Relocation generation in assemblers

This post explores how GNU Assembler and LLVM integrated assembler generate relocations, an important step to generate a relocatable file. Relocations identify parts of instructions or data that cannot be fully determined during assembly because they depend on the final memory layout, which is only established at link time or load time. These are essentially placeholders that will be filled in (typically with absolute addresses or PC-relative offsets) during the linking process.

Relocation generation: the basics

Symbol references are the primary candidates for relocations. For instance, in the x86-64 instruction movl sym(%rip), %eax (GNU syntax), the assembler calculates the displacement between the program counter (PC) and sym.
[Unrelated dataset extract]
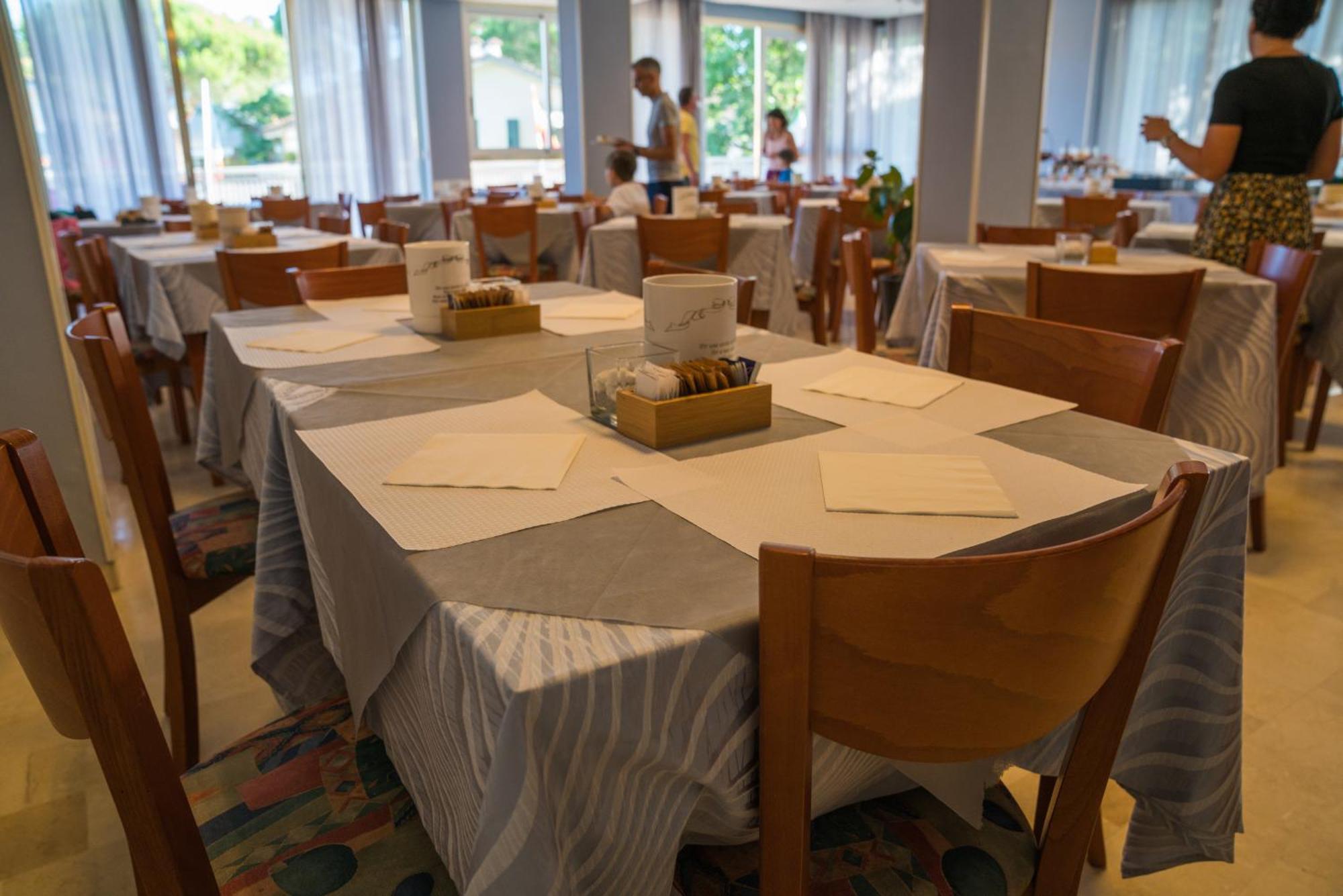 Hotel Singapore Milano Marittima Eksteriør billede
This distance affects the instruction's encoding and typically triggers a R_X86_64_PC32 relocation, unless sym is a local symbol defined within the current section.
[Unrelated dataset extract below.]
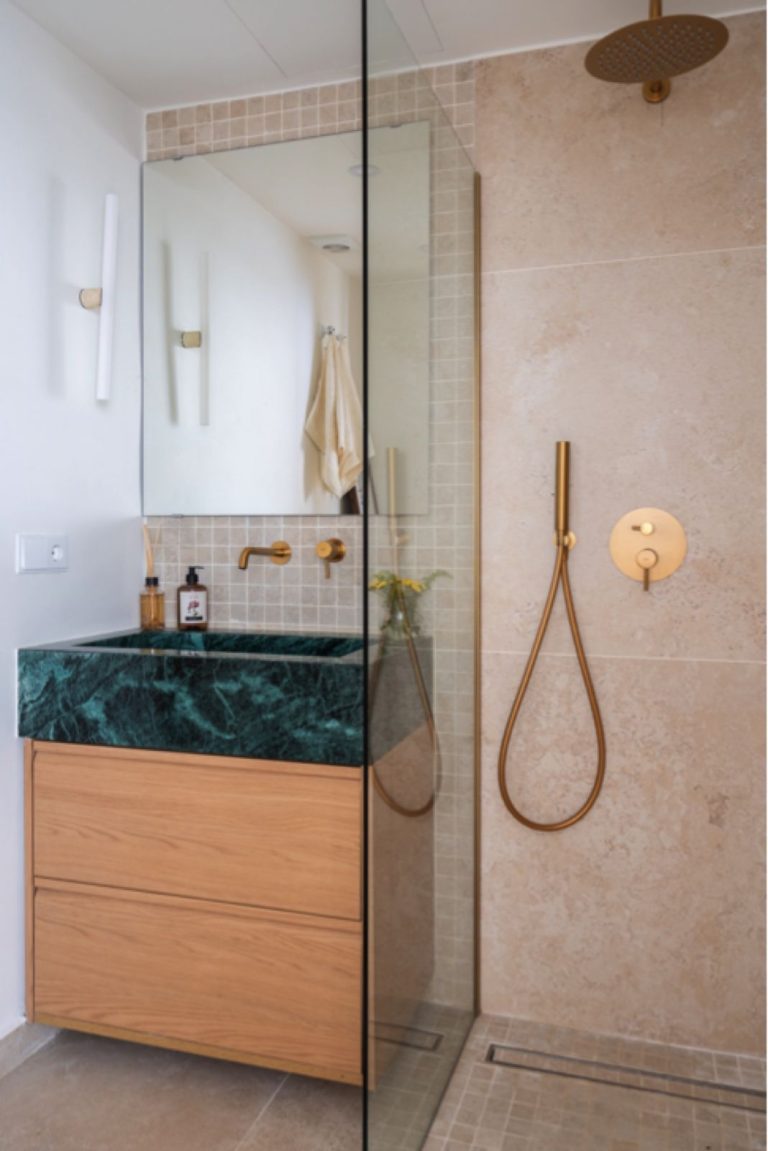 44038908ef50e9e0f1e33f508018eda4 - 11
Both the GNU assembler and LLVM integrated assembler utilize multiple passes during assembly, with several key phases relevant to relocation generation:

Parsing phase

During parsing, the assembler builds section fragments that contain instructions and other directives. It parses each instruction into its opcode (e.g., movl) and operands (e.g., sym(%rip), %eax). It identifies registers, immediate values (like 3 in movl $3, %eax), and expressions.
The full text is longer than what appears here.